L’utilizzo dell’aceto nelle lavorazioni fitoterapiche non ha rappresentato solo l’alternativa più economica rispetto ai macerati di natura alcolica o oleosa, ma permette di estrarre al meglio specifici principi attivi dato che il suo potere solvente su composti di natura basica (alcaloidi e oli essenziali) è maggiore rispetto a quello dell’acqua. Inoltre, rappresenta, secondo la visione alchemica, uno dei due metodi o vie classiche insieme all’alcool. La via alcolica ci permette di rendere “il denso “più sottile, apre e libera (rende disponibile), la via acetica al contrario corporizza e addensa il sottile; in questa filosofia operativa l’aceto, giustamente preparato, ha un utilizzo anche nelle preparazioni a base di metalli e minerali.
Il vino e l’aceto figli della vite e dei batteri della fermentazione, se sono di buona qualità i materiali originari e i processi di trasformazione, sono due alimenti dispensatori di nutrimento, salute e cura.
Stiamo recentemente riconoscendo quanto la nostra vita e anche la nostra evoluzione come esseri umani, dipenda da quel “brodo” colturale di batteri del microbiota, batteri rafforzati e nutriti da un corretto nutrimento, ma specialmente dagli alimenti fermentati, che non dovrebbero mai mancare nella nostra alimentazione quotidiana: vino, aceto, yogurt, lievito madre, kefir, birra, alimenti-condimenti come il miso, il tamari, la sapa, i liquidi lattici delle verdure fermentate (come il succo di macerazione dei crauti), il kefir, la melassa e il polline fermentati.
Sostanze nutraceutiche basate sulla vitalità di batteri, lieviti, fermenti, enzimi, vitamine, probiotici, tutti portatori di “vita” per il nostro organismo.
Nel testo Le foglie, edito da Aboca, dedicato alle proprietà fitoalimurgiche delle foglie (scritto insieme a Sandro Di Massimo) ricordiamo due sostanze da fermentazione poco note, una ancora di attuale produzione: l’agresto derivante dalla cottura del mosto di uva acerba, con l’aggiunta di aceto, spezie e piante aromatiche, e il garum, legato alla tradizione alimentare degli antichi Romani, ricavato dalla macerazione di pesce, sale e piante aromatiche.
Nel nostro acetolito, un ruolo di sostegno per il microbiota è dato dall’aglio che agisce contrastando i batteri intestinali malsani e favorisce quelli benefici, coadiuvato dalla curcuma, spezia speciale anche per la flora batterica intestinale.

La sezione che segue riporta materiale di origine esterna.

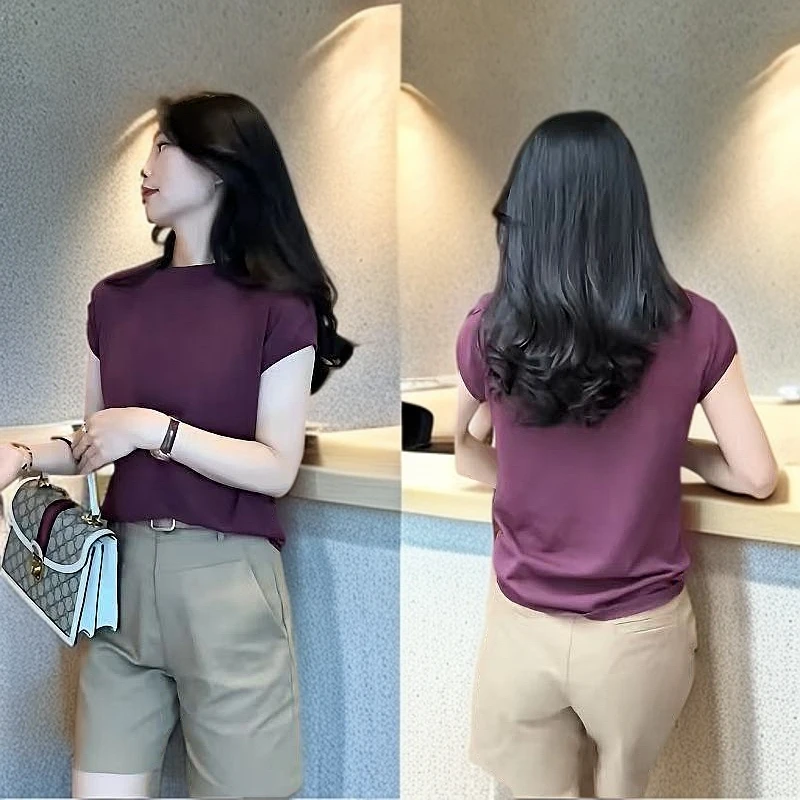 2025通勤休闲风时尚套装圆领t恤女装打底衫纯色上衣气质女装夏装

Una particolare combinazione pro-microbiota è l’aglio fresco macerato in succo di limone utilizzato come condimento, come sostanza depurativa antiage, eventualmente consumato con yogurt e miele.
Quando ad una tavolata conviviale sfoggerò gli effluvi dell’aceto aromatico alle erbe, subissato dalle richieste, mi rincrescerò che sarà impossibile ricrearlo identico. A proposito… non me lo chiedete, è già finito.